Parker Harris is the CTO of Slack, and the cofounder of Salesforce, as well as a member of the company’s board of directors. He oversees Slack’s world-class engineering team and sets the technical vision for the company. Parker is passionate about the power of cloud computing and its ability to help organizations digitally transform and become more customer-centric. Since cofounding Salesforce in 1999, Parker has had an indelible impact on the company—driving its technology strategy, championing customer success and innovation, and fostering an ecosystem of partners and advocates across the globe. Parker has spearheaded many technology initiatives at Salesforce that deliver productivity, reliability, and exceptional user experiences to companies at scale—notably, Hyperforce, the Salesforce Platform, and Lightning Experience. Before Salesforce, Parker cofounded cloud computing company Left Coast Software and worked at Metropolis Software, a pioneer in field sales force automation. Parker has a BA in English literature from Middlebury College. He resides in San Francisco.

Melanie Mitchell received a PhD in computer science from the University of Michigan in 1990 and has held faculty or research positions at the University of Michigan, Los Alamos National Laboratory, the Oregon Graduate Institute, and Portland State University. She is currently a professor at the Santa Fe Institute. Her recent research focuses on conceptual abstraction and analogy making in humans and in artificial intelligence systems. She is the author or editor of six books and over 100 scholarly papers in the fields of artificial intelligence, cognitive science, and complex systems. Her 2009 book Complexity: A Guided Tour (Oxford University Press) won the 2010 Phi Beta Kappa Science Book Award, and her 2019 book Artificial Intelligence: A Guide for Thinking Humans (Farrar, Straus, and Giroux) was short-listed for the 2023 Cosmos Prize for Scientific Writing. Melanie is the recipient of the Senior Scientific Award from the Complex Systems Society, the Distinguished Cognitive Scientist Award from UC Merced, and the Herbert A. Simon Award of the International Conference on Complex Systems. Her public outreach on science includes an online course, “Introduction to Complexity,” an ongoing quarterly column for Science Magazine, a Substack newsletter on AI, and a 2024 podcast series titled The Nature of Intelligence.
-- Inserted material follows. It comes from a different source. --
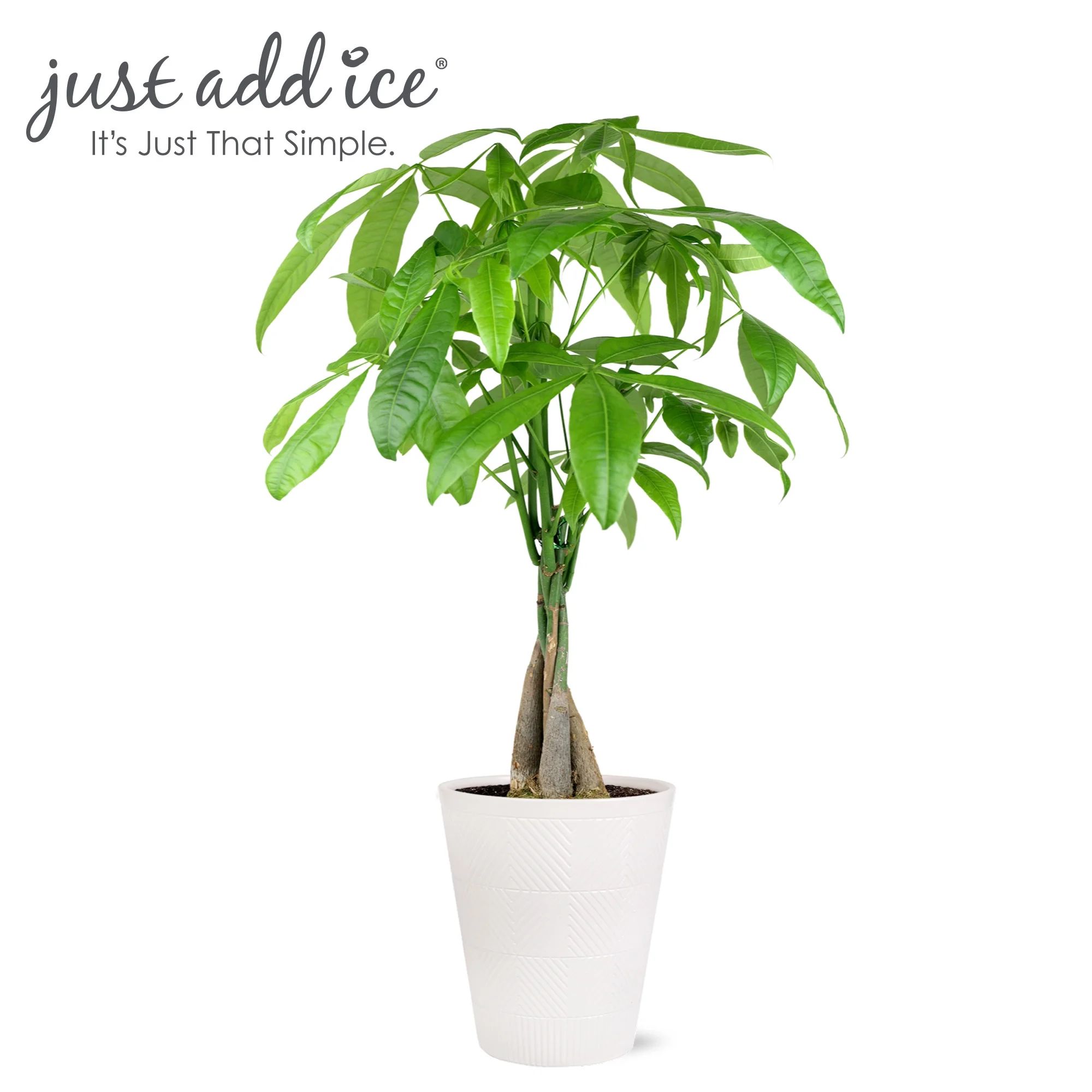Just Add Ice 14" Tall Money Tree Live Plant in 5" Decorative Fiber Clay Pot, House Plant | Walmart (US)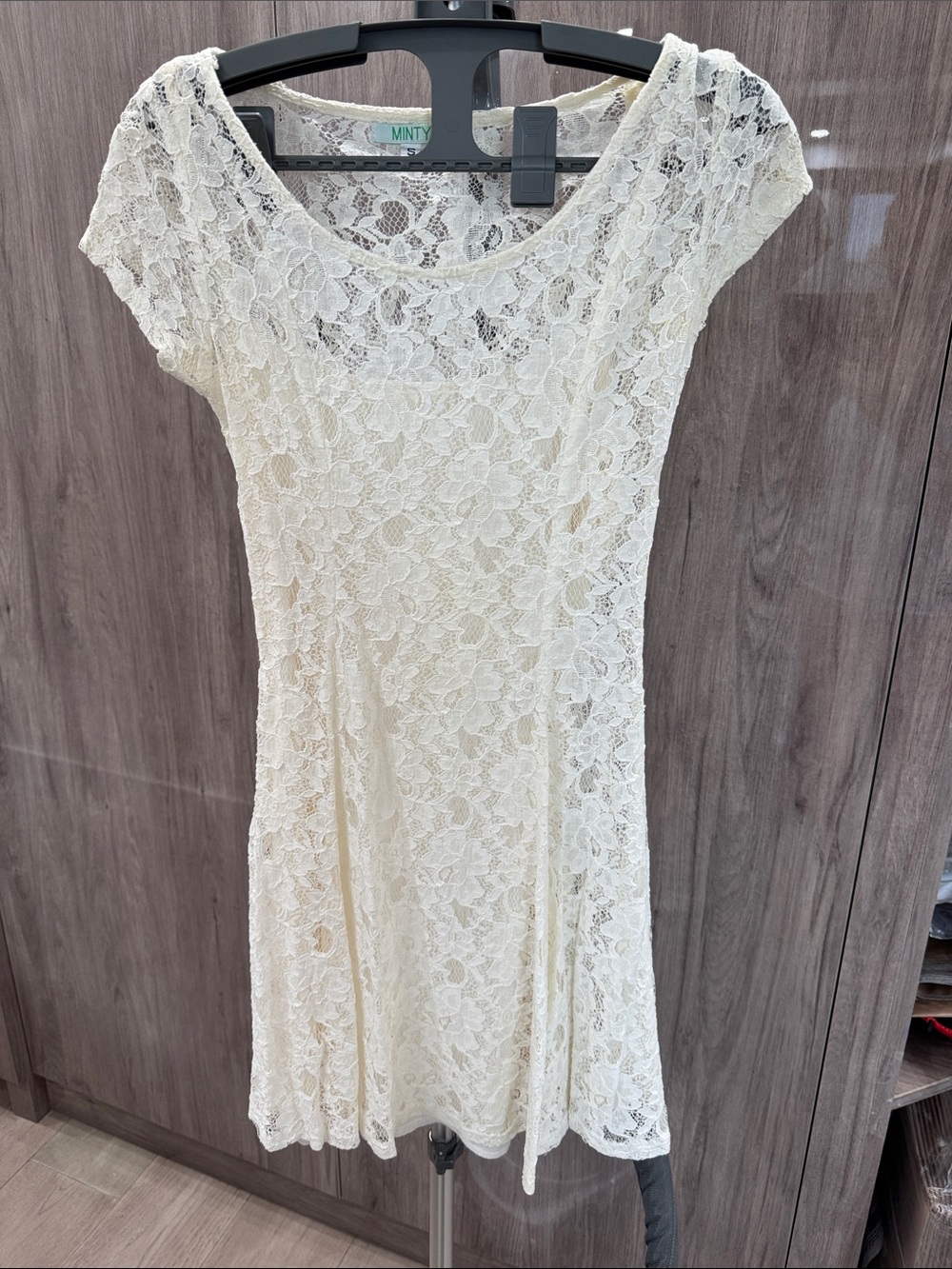 Minty Ivory Lace Mini Dress with Cap Sleeves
Meghan O’Rourke is the author of The New York Times bestseller The Invisible Kingdom: Reimagining Chronic Illness (2022), which was a finalist for the National Book Award in Nonfiction, and the widely translated memoir The Long Goodbye. In her cultural criticism, she explores illness, grief, AI, and the body, challenging oversimplified narratives. Her most recent poetry collection, Sun in Days, was named a Top Ten Poetry Book of the Year by The New York Times; and her debut collection of poetry, Halflife, was a finalist for Britain’s Forward First Book Prize. Both a writer and an editor, she has worked at The New Yorker, Slate, and The Paris Review, where she launched the Slate Audio Book Club, one of the first literary podcasts. The recipient of a Guggenheim Fellowship, a Radcliffe Fellowship, a Whiting Nonfiction Award, a Front Page Award, and other honors, she is a professor of creative writing at Yale University and the editor of The Yale Review.